• Collected data:
== Segment start ==
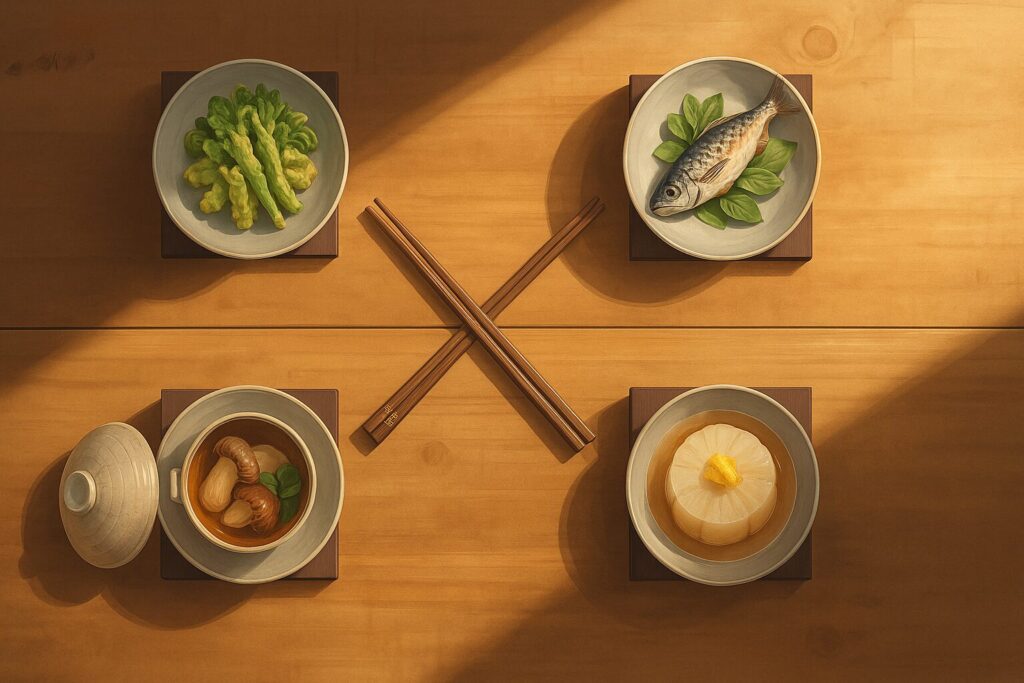 四季の食材を並べた和食の膳。春の山菜、夏の鮎、秋の松茸、冬の大根が静かに配置され、季節の移ろいと人生の重なりを表す。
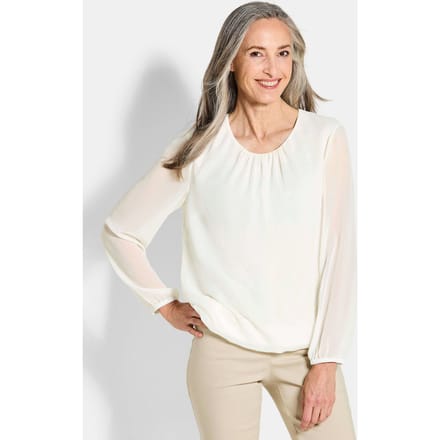 Elegante blouse van chiffon - gebroken wit - Gr. 54 van Goldner Fashion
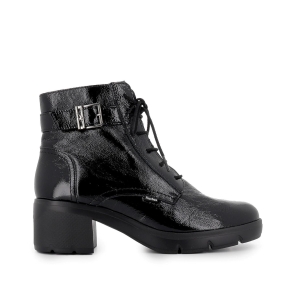 Botin militar charol cordones y hebilla tacon mujer negro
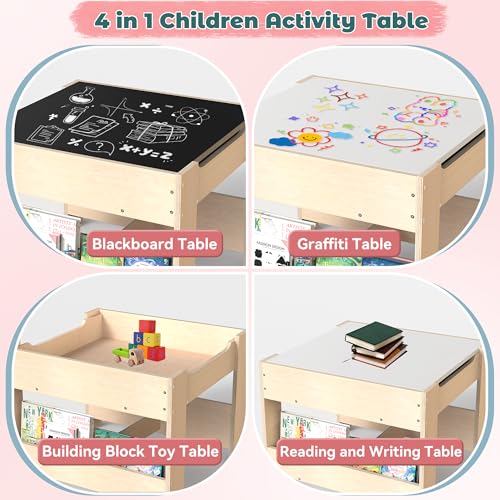 4-in-1 Kids Wooden Activity Desk and Chair Set with Storage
== Segment end ==
• Assignment:
Omit pictures; set down the rest of the material word for word.

• Exercise response:
 四季の食材を並べた和食の膳。春の山菜、夏の鮎、秋の松茸、冬の大根が静かに配置され、季節の移ろいと人生の重なりを表す。
 Elegante blouse van chiffon - gebroken wit - Gr. 54 van Goldner Fashion
 Botin militar charol cordones y hebilla tacon mujer negro
 4-in-1 Kids Wooden Activity Desk and Chair Set with Storage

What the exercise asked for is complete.